WHAT THE TASK REQUIRES = Search the records for the word "Suites" and report each line that has it.
•••••
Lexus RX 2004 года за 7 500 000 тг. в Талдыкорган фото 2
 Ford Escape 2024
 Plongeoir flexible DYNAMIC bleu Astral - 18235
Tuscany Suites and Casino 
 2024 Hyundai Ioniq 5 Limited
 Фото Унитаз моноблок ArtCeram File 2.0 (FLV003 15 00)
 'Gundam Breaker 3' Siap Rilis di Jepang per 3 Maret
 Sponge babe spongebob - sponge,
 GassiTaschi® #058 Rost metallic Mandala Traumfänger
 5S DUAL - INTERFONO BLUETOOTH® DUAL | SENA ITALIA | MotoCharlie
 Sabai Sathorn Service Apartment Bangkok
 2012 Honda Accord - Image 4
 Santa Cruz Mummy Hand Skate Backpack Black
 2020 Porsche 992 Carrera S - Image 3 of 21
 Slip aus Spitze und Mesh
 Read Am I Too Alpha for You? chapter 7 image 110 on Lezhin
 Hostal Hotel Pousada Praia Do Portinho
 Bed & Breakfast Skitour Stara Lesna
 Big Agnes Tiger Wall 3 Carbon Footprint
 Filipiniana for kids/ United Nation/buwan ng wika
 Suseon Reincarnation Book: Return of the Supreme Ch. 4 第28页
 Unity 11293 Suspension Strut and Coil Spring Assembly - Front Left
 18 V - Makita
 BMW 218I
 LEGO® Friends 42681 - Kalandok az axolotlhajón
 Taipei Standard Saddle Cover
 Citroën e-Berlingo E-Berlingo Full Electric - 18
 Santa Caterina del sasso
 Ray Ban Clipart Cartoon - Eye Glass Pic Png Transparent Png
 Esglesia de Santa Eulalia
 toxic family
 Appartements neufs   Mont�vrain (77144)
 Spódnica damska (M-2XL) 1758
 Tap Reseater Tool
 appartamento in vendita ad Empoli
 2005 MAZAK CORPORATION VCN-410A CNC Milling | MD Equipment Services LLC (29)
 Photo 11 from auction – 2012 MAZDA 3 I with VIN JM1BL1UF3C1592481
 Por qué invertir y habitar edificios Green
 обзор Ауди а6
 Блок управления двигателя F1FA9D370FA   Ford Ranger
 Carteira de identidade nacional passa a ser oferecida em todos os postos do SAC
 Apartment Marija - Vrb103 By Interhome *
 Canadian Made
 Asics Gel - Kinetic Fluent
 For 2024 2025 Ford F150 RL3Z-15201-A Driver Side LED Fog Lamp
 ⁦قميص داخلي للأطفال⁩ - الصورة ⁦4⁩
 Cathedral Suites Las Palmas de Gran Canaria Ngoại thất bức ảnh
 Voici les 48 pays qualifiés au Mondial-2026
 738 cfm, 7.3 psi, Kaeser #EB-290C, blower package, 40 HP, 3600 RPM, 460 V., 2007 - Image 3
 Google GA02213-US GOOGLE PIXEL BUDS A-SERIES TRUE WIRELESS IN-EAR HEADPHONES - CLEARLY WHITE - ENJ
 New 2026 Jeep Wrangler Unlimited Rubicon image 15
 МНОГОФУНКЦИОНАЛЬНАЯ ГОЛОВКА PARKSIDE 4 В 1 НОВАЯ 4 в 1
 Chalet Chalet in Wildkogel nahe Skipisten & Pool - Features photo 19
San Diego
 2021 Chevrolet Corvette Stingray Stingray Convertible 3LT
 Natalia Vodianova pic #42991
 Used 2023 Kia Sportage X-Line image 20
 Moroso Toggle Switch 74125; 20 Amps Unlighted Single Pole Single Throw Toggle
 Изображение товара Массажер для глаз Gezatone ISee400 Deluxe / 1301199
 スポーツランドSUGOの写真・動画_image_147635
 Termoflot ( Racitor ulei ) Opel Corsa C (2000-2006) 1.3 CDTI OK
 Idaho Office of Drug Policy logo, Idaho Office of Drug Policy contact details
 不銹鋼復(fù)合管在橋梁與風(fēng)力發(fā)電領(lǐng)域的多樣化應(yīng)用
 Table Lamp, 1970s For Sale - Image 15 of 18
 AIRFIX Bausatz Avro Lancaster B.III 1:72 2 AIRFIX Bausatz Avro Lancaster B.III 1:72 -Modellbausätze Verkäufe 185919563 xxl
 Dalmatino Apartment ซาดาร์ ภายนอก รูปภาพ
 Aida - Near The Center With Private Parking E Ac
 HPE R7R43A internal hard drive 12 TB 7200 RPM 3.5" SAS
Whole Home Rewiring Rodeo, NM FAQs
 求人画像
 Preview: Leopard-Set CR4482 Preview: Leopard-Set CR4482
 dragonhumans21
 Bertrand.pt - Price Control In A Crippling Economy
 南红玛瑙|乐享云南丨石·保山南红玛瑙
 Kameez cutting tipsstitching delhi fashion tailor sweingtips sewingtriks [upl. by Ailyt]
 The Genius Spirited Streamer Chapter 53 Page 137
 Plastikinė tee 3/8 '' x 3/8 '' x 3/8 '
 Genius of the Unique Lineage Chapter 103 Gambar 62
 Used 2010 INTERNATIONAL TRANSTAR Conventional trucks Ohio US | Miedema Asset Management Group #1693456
•••••
TASK OUTPUT =
Tuscany Suites and Casino 
 Cathedral Suites Las Palmas de Gran Canaria Ngoại thất bức ảnh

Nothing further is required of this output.